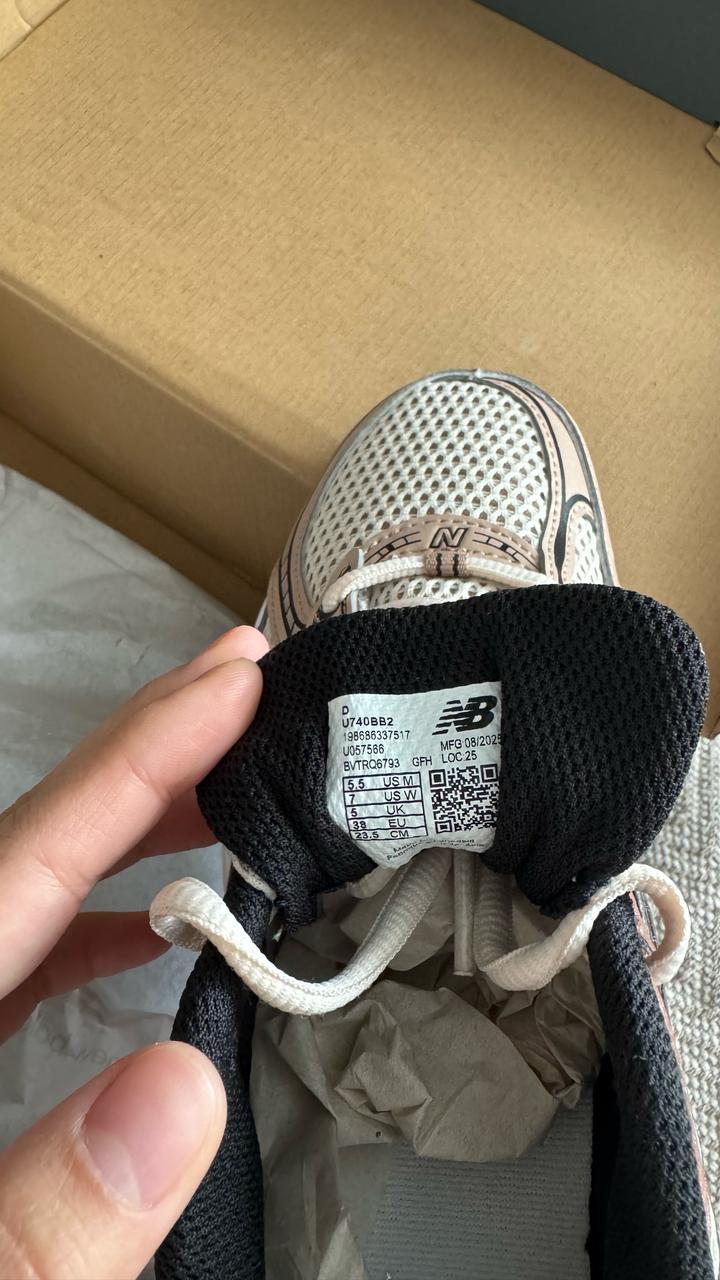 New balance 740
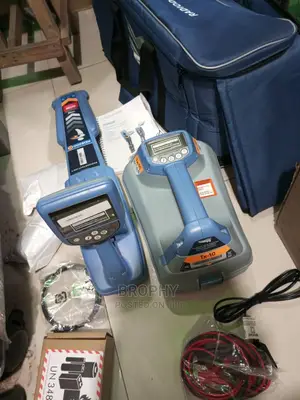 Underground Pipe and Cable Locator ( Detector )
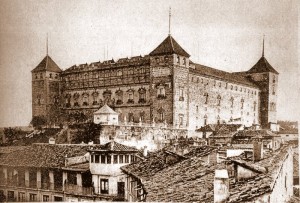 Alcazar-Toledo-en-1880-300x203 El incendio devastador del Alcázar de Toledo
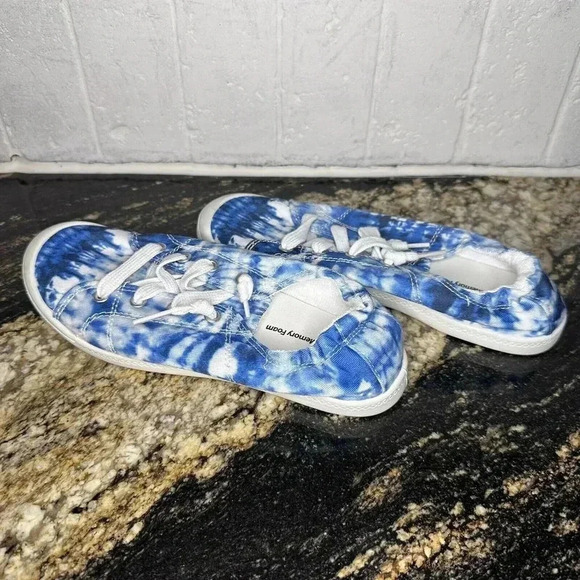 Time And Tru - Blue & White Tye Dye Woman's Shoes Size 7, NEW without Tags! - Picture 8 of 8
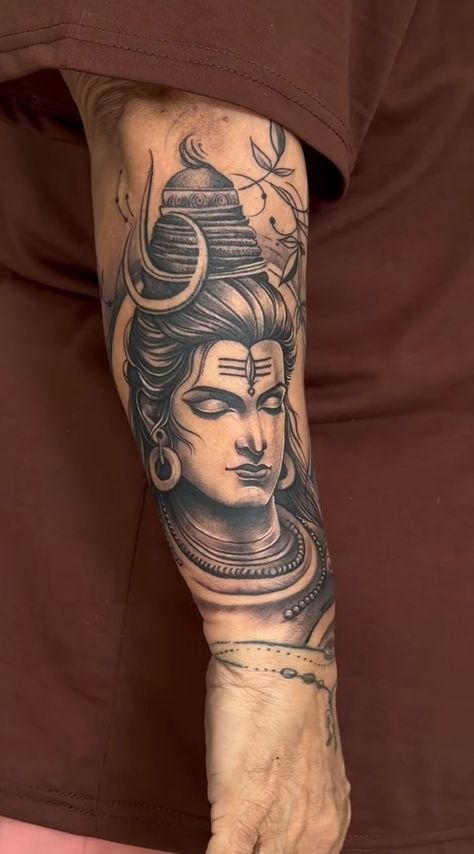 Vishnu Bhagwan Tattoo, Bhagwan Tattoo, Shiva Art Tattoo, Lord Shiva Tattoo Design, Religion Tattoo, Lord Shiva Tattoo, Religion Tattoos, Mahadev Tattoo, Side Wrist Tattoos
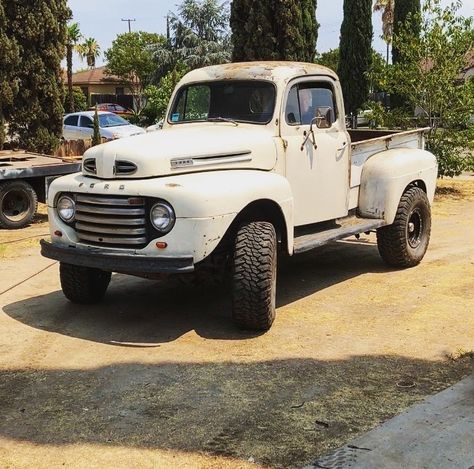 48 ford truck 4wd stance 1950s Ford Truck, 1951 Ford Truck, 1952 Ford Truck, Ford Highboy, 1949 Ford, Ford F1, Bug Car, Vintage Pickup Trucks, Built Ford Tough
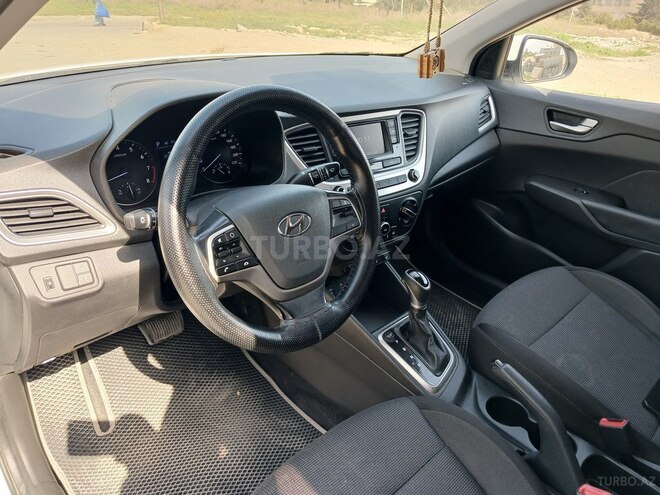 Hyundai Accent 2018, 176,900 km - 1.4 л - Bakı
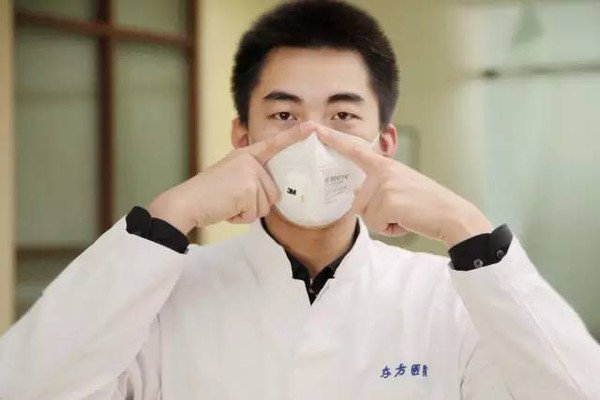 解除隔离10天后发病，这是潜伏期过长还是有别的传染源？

## Work order
Verbatim copy with pictures excluded: write out the records above in full.

## Result for this task
 New balance 740
 Underground Pipe and Cable Locator ( Detector )
 Alcazar-Toledo-en-1880-300x203 El incendio devastador del Alcázar de Toledo
 Time And Tru - Blue & White Tye Dye Woman's Shoes Size 7, NEW without Tags! - Picture 8 of 8
 Vishnu Bhagwan Tattoo, Bhagwan Tattoo, Shiva Art Tattoo, Lord Shiva Tattoo Design, Religion Tattoo, Lord Shiva Tattoo, Religion Tattoos, Mahadev Tattoo, Side Wrist Tattoos
 48 ford truck 4wd stance 1950s Ford Truck, 1951 Ford Truck, 1952 Ford Truck, Ford Highboy, 1949 Ford, Ford F1, Bug Car, Vintage Pickup Trucks, Built Ford Tough
 Hyundai Accent 2018, 176,900 km - 1.4 л - Bakı
 解除隔离10天后发病，这是潜伏期过长还是有别的传染源？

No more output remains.